# General strategy / Heloc for investing?



## SMM (Jul 10, 2011)

Long story short when I wasn't sure what I wanted to study post-secondary I became involved in an industry that allowed me to work from home and make an extremely good income. However recently it has come to a screeching halt and I feel it is time to move on to something I actually would like to be doing now.

I purchased my home at 20. Making so much in such a short period of time, being young and not knowing anything about investing I just figured most people spend a life time trying to pay off a mortgage so why not just dump it all into a house. 

Now being 23, I am either looking to go study something I find interesting to me and would enjoy doing for the rest of my life. Or follow my dream and spend some time travelling around the world first. 

I have a house worth ~300k with a 50k mortgage. A car worth ~5k (paid), 6k savings/emerg funds. The only real investment related decision I made was purchasing a house with a 2bdrm basement apartment with the intention to possibly rent it out in the future.

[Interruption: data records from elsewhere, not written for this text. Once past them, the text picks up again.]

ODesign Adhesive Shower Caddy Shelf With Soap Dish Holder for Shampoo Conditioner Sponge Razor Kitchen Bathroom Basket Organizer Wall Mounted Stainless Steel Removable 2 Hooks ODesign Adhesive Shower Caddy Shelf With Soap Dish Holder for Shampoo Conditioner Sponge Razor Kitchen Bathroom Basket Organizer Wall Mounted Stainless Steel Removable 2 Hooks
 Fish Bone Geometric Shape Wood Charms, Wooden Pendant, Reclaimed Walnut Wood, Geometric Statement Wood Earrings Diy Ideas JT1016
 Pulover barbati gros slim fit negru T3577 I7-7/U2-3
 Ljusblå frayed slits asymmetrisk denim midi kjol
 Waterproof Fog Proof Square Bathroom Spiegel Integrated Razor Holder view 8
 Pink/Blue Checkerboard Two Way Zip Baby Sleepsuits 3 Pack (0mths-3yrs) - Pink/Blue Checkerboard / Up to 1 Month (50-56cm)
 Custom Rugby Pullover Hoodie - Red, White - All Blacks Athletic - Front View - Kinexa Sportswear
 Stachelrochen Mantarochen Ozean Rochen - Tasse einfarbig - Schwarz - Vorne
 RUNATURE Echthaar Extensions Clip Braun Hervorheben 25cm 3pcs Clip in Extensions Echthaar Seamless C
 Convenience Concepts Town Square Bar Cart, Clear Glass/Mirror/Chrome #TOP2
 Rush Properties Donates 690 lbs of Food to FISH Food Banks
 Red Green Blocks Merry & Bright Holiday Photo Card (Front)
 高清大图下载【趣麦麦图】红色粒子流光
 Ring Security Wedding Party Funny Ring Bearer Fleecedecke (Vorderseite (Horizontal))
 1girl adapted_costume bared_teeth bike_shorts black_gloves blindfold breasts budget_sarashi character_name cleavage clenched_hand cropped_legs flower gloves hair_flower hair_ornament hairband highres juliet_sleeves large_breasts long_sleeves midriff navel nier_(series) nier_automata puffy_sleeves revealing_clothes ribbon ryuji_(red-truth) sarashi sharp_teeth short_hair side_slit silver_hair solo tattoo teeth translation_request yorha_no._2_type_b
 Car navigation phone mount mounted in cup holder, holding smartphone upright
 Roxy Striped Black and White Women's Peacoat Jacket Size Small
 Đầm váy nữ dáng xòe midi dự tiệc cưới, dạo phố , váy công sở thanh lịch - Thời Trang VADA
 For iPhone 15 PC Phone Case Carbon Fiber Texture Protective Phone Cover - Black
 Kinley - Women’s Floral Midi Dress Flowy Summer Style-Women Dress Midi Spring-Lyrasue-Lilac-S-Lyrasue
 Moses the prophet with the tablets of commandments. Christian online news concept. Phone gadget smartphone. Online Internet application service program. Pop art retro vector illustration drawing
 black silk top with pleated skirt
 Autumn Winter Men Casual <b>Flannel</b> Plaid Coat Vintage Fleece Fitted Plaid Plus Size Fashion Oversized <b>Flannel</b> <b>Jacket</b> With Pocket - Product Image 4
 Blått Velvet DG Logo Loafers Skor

I have no debt other then the mortgage. 

I am looking for some advice on what to look into as far as the best decision to make the money I already have work for me. Especially in the case I decide to travel (in which case I will sell the car before going). I'm stuck into a 5yr term @ 5.5% on the mortgage so refinancing isn't really an option until then because of the differential interest fee charged for early renewal.

So lets just say I decide to travel for a couple years. I have my mortgage setup in a way that if I rented both units out the rental income would cover the mortage/property tax/misc fees for repair + taxes on the income (have a handyman on call)

Given that I can exchange my services for room + board when I am travelling, do the odd bartending jobs for pocket change, etc. What would be the best way to go about using a HELOC to invest to my advantage. What can be written off as tax deductions?

Given the good prime right now, lets assume even if I dumped 150k heloc into a stock like CIBC the dividends earned alone outperform the amount of interest needed to be paid on the credit line. Although I would be weary of doing this now, but if the market starts to go south like back in 2009 I could see making a move like that being extremely profittable over the next couple years.

Lets assume the absolute worst case scenerio and that I will be travelling next year. So my only income in from the rental income and whatever I can make from investments while abroad. (and wont be using that income while abroad since I will be trading my services from room+board+food)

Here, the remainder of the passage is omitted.